Ma questo tentativo non può essere fatto fino a quando continuiamo a pensare la strutturazione
dell’attività didattica in modo estremamente analitico e frammentato e secondo una progettazione
semplicemente lineare. Credo valga la pena perseguire la strada dell’aprire le maglie della
progettazione, di renderla più flessibile e dialogica.
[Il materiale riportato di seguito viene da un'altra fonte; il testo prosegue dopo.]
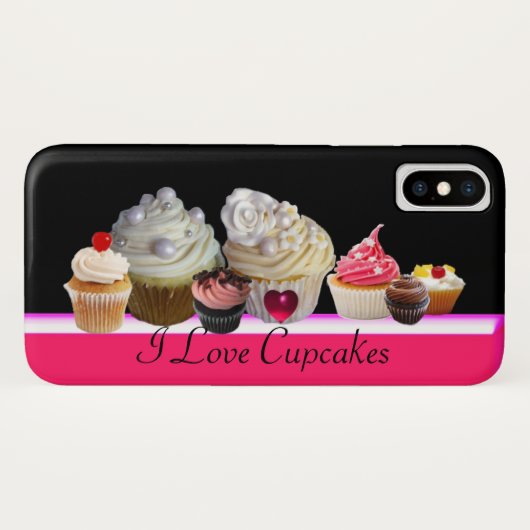 私は美味しいカップケーキが大好きピンク、明るい赤紫色ホワイト Case-Mate iPhoneケース (裏面(横))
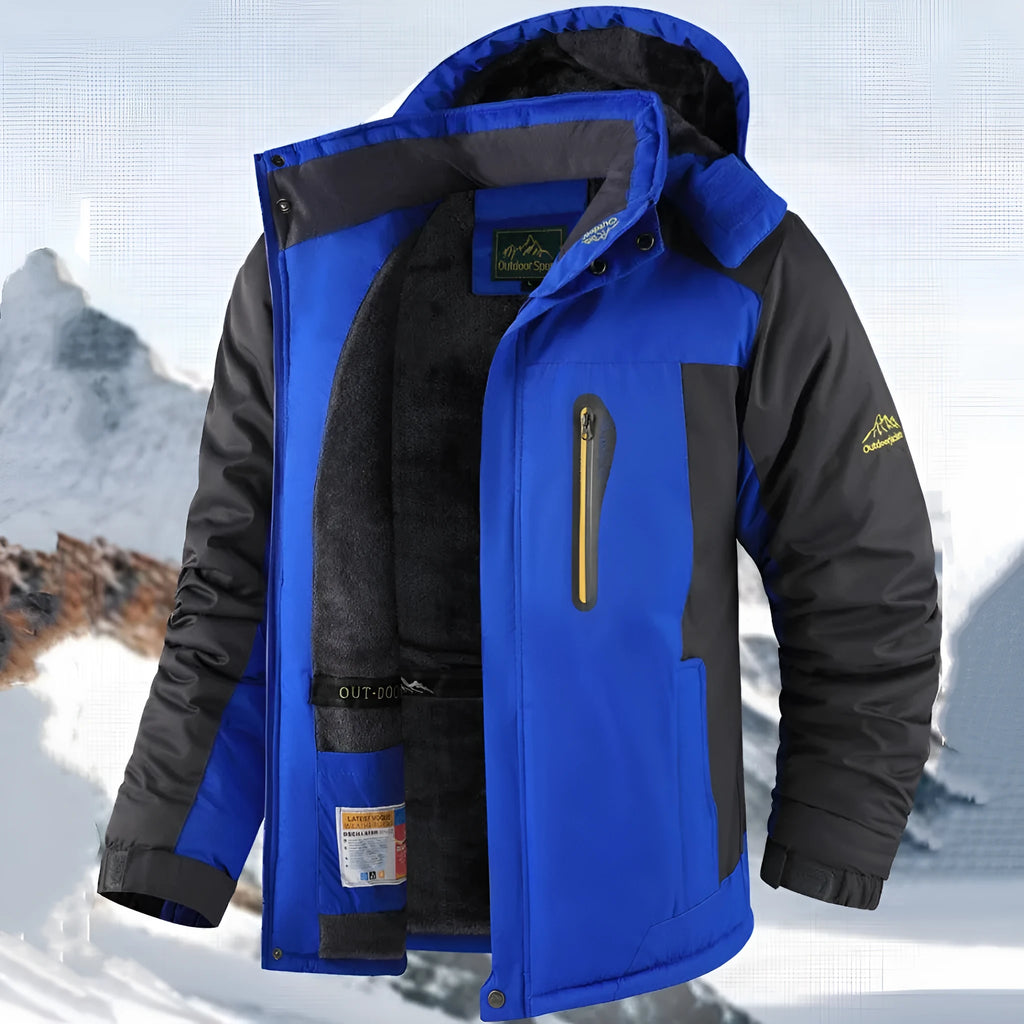 Men's fleece-lined thick winter jacket mid-length cotton-padded coat in 828 Black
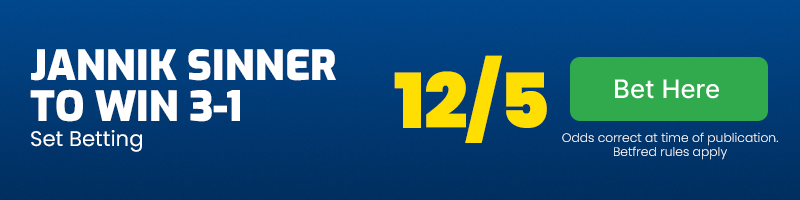 Sinner 3-1 at 12-5
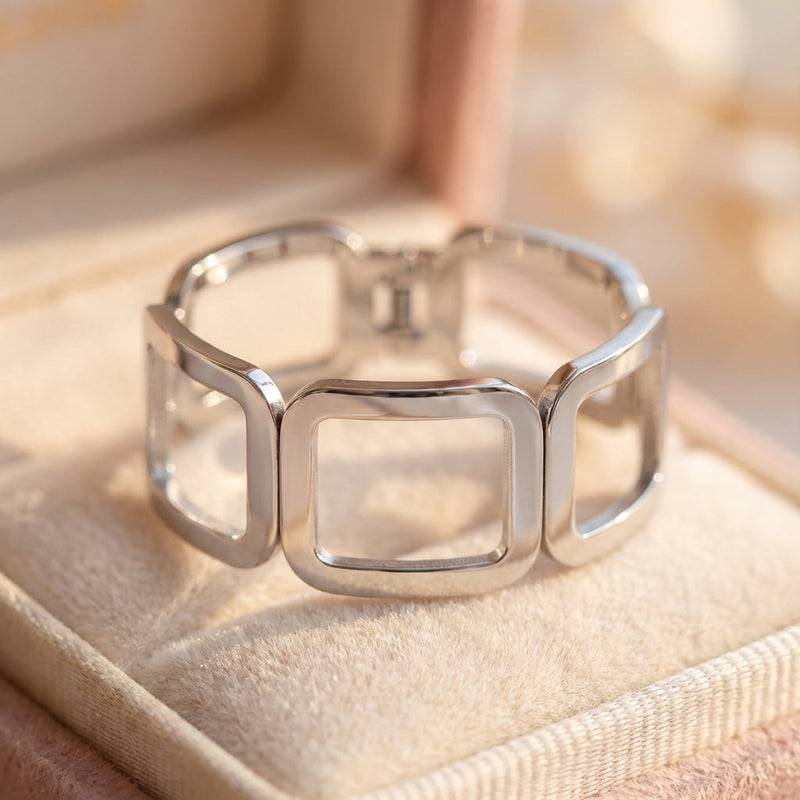Vintage Hollow Cuff Bangle Silver Bracelet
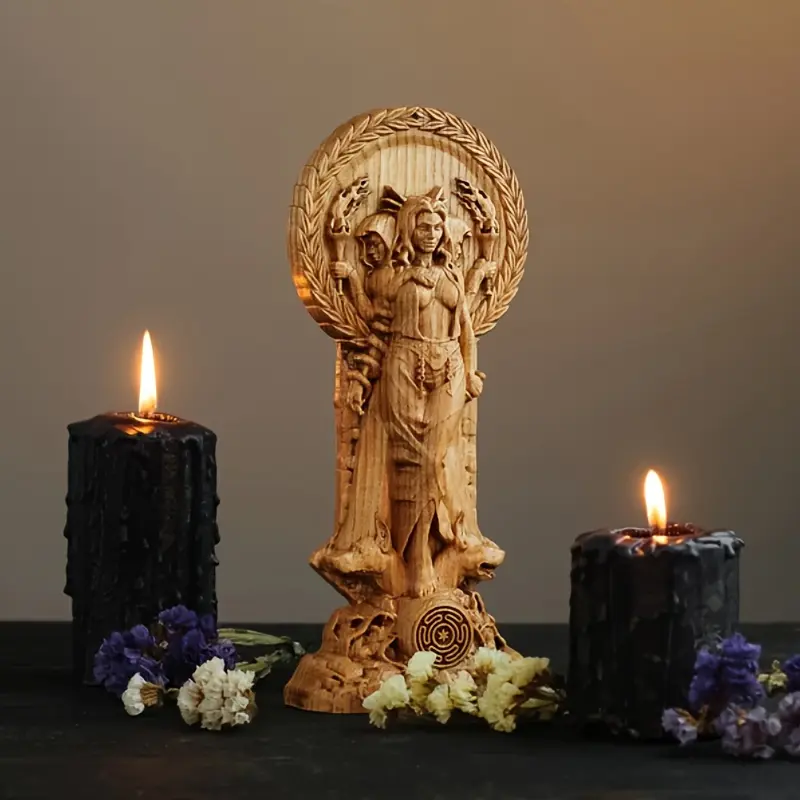 Statue of Hecate, The Greek Goddess, Hecate of The Pagan Family Altar, Hecate Resin Crafts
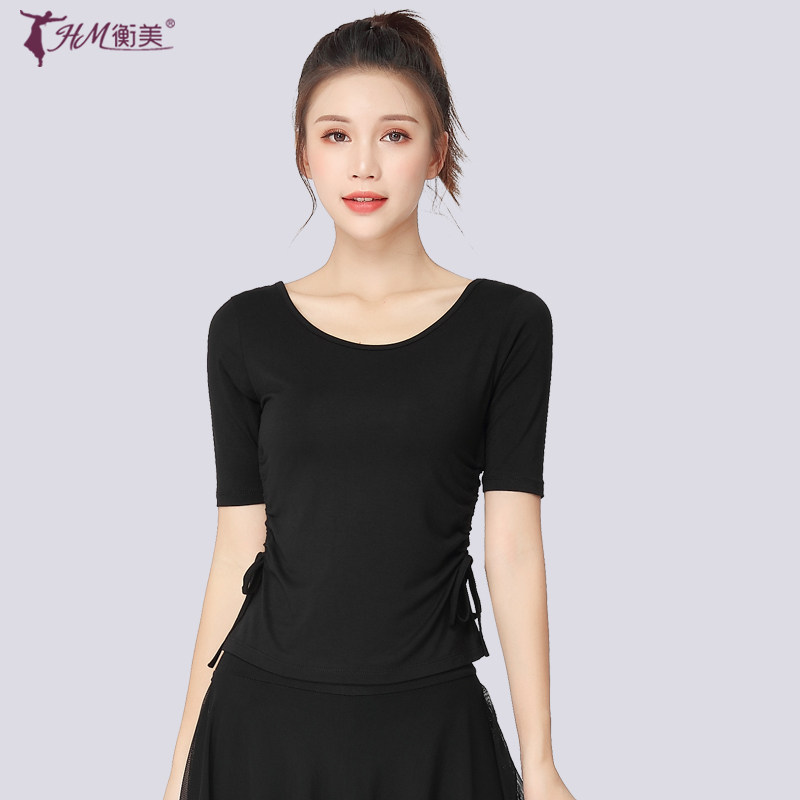 Latin dance tops women's adult short-sleeved dance costumes drawstring dance costumes body dance practice clothes summer new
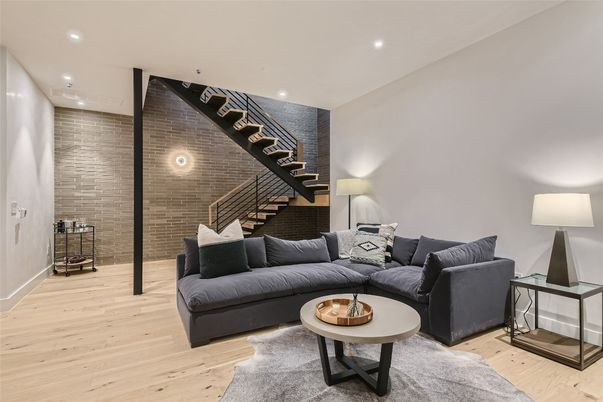 Interior, Living room, Recessed Lighting, Wood Texture Flooring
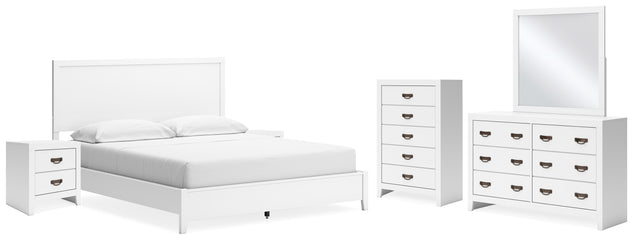 Binterglen 7-Piece California King Panel Bed with Mirrored Dresser, Chest and 2 Nightstands (King/California King Panel Headboard/Footboard and Slats, California King Panel Rails, Dresser, Bedroom Mirror, Chest of Drawers, Nightstand, Nightstand)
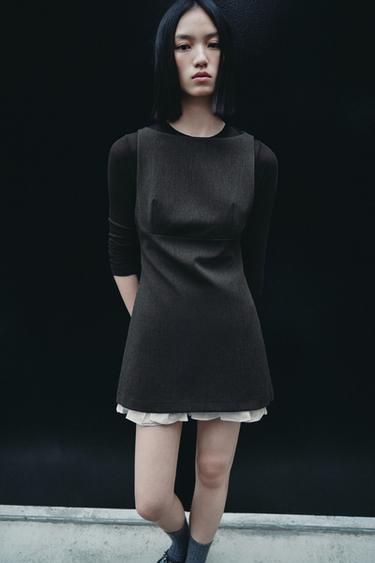 SHORT DRESS WITH RUFFLES - Anthracite Grey by Zara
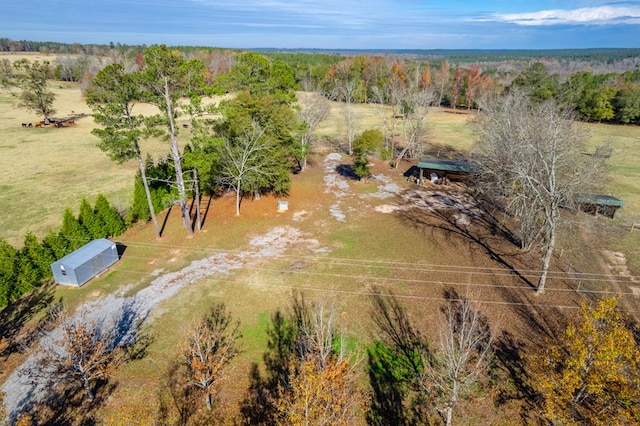 aerial view with a rural view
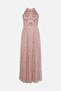 BCC00340 Model Halter Neck Embroidered Maxi Dress - 4
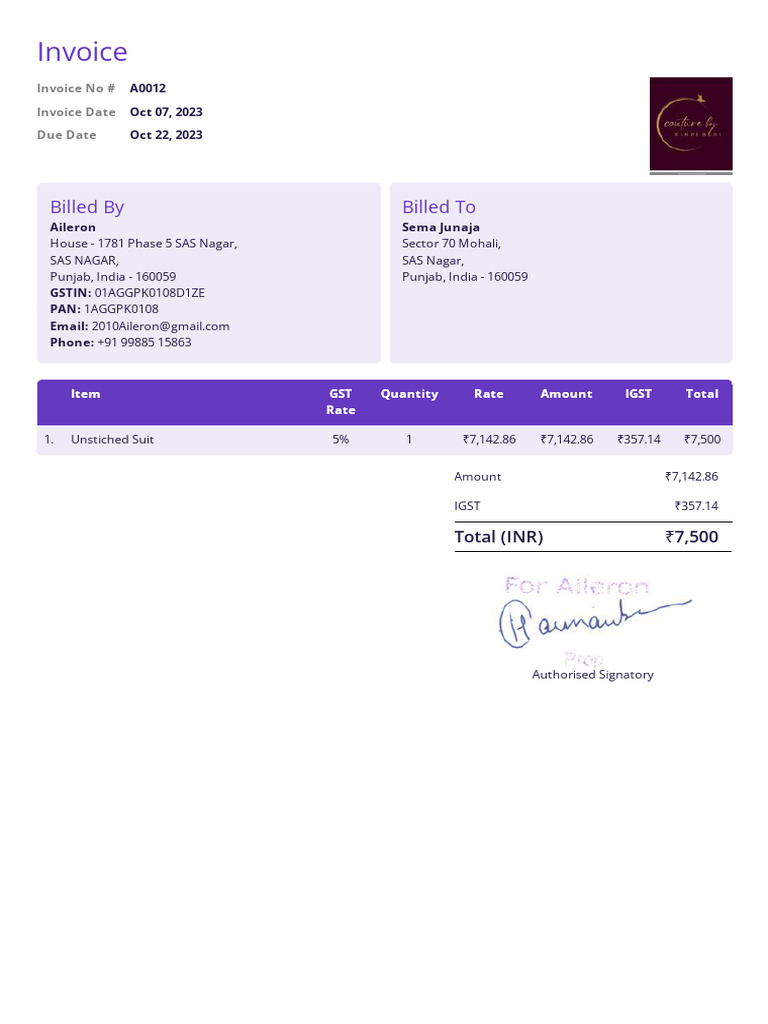 Invoice A0012 for Unstiched Suit | PDF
E quest’aspetto riguarda ugualmente la
dimensione valutativa, rispetto alla quale è chiesto oggi il coraggio di provare strade che ripongano
al centro la funzione formativa della valutazione ed evitano il circolo vizioso (soprattutto delle
famiglie) della ‘dipendenza da valutazione scolastica’.
Una progettazione meno frammentata e più sistemica porta a sua volta a porre al centro non la
singola attività di insegnamento (che naturalmente mantiene tutta la sua decisività) quanto piuttosto
la cura di tutto l’ambiente di apprendimento: gli spazi dell’aula, i tempi, i materiali, i dispositivi
regolativi, i ruoli attribuiti agli alunni….
Tale cura comporta di considerare il gruppo classe non come un contenitore di singoli individui, ma
come un contesto vitale le cui risorse chiedono di essere gestite come risorse per l’apprendimento.
4. Il coraggio di riflettere
Non basta, logicamente, provare ma è altrettanto necessario tenere vivo il coraggio di riflettere su
quanto si sta facendo. A questo riguardo mi pare che vada rilanciata la prospettiva
dell’autovalutazione come processo interattivo e dialogico e la prospettiva della documentazione
come strumento importante di una scuola che ha ben chiare le sue finalità ma che nelle modalità di
azione si pensa dentro un processo continuo di ricerca.